In summary, combining multiple models is where Bayesian reasoning shines. You can easily paste multiple models together and expect to get a sensible result. On the other hand, for getting the best result efficiently, state of the art frequentist methods are hard to beat. And as always, the best thing is to combine the two as appropriate.

comment by SilentCal · 2014-02-20T00:51:17.512Z · LW(p) · GW(p)

I've come to the conclusion that the strength and weakness of the Bayesian method is that it's simultaneously your experimental procedure and your personal decision-making method (given a utility function, that is). This makes it more powerful, but can also make getting a good answer more demanding.

The strength is that it makes mathematical things that are done informally in frequentism. This is the way in which Bayes makes assumptions explicit that frequentism hides. For example, suppose a frequentist does an experiment that shows that broccoli causes cancer with 99% significance. Frequentist: "If broccoli didn't cause cancer, there would be a 1% chance of a result like that happening. That's an absolute fact, none of your Bayesian assumptions. So let it henceforth be Science that broccoli causes cancer." Bayesian: "Wait, that last sentence wasn't justified! In order to take any action based on your results, you have to invoke some kind of prior. What would you do if you got the same result with 'the transit of venus' in the place of 'broccoli'? You could just kind of wing it, but then you're hiding assumptions."

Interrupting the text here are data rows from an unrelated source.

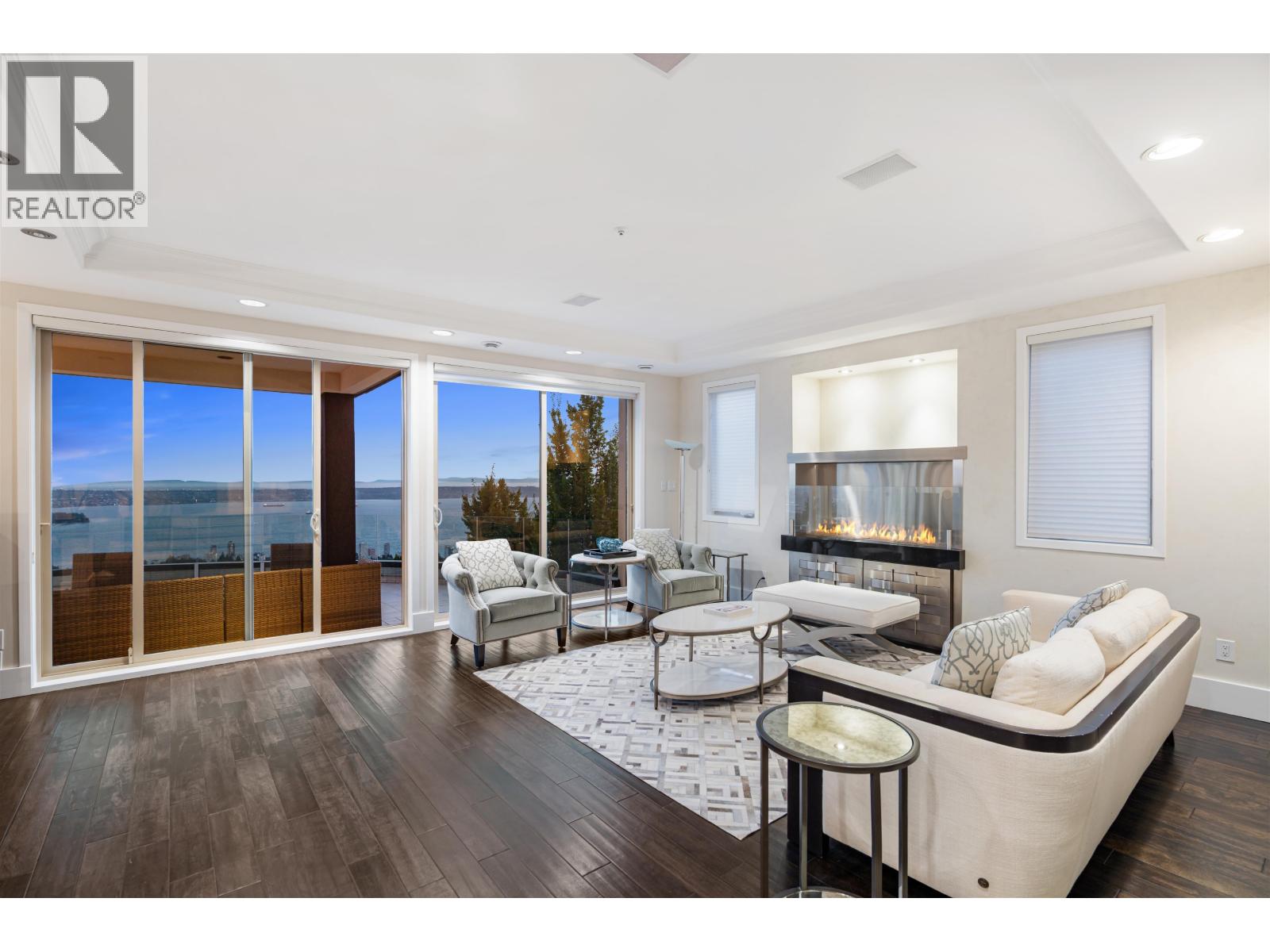1526 Chippendale Court Property Photo 12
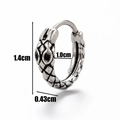 Dettaglio dell'orecchino a cerchio a serpente in argento con occhi in zircone nero e squame - Stile Serpente Vintage con Zircone Nero (S76)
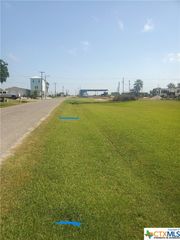 E  Pine St, Seadrift, TX 77983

The weakness is that a human is liable to put too many zeroes in the 'absurd' prior that the transit of Venus causes cancer and end up ignoring overwhelming evidence if it turns out that this effect is somehow real. In an open scientific setting, sharing the likelihood ratio might solve the problem here, but if you give your machine learning algorithm a bad prior, that might not get noticed. And if you forget to give your rock-paper-scissors bot a nonzero prior that the opponent has its source code, it can get beaten 100% of the time by an opponent who can simulate it (since it'll have no reason to revert to random).

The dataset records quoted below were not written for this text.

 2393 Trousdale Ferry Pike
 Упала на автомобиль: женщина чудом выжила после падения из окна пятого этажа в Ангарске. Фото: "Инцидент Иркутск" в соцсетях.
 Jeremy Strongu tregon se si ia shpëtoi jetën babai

Frequentists might do better by implicitly using a 'one-size-fits-all' prior that beats what we would write down (because we're not perfect Bayesians). This is the only advantage of frequentism I can see apart from computational concerns.

comment by Daniel_Burfoot · 2014-02-12T05:06:24.087Z · LW(p) · GW(p)

Thanks for the thought-provoking post. How would you answer this criticism of the frequentist paradigm:

  • Frequentist methods cannot make statements about actual data, only about abstract properties of the data.

For example, suppose I generated a data set of 1000 samples by weighing a bunch of people. So I just have 1000 numbers x1, x2... x1000 representing their weight in kilograms. Given this data set, frequentist analysis can make various claims about abstract properties such as its mean or variance or whether it could possibly have been drawn from a certain null-hypothesis distribution. But say I simply want to know what is the probability that P(x > 200), ie when I go out and weigh a new person the result will be greater than 200 kg. I claim that frequentist methods simply cannot answer this question; and any method that claims to answer it is actually a Bayesian method in disguise, in particular, it is implicitly using a prior.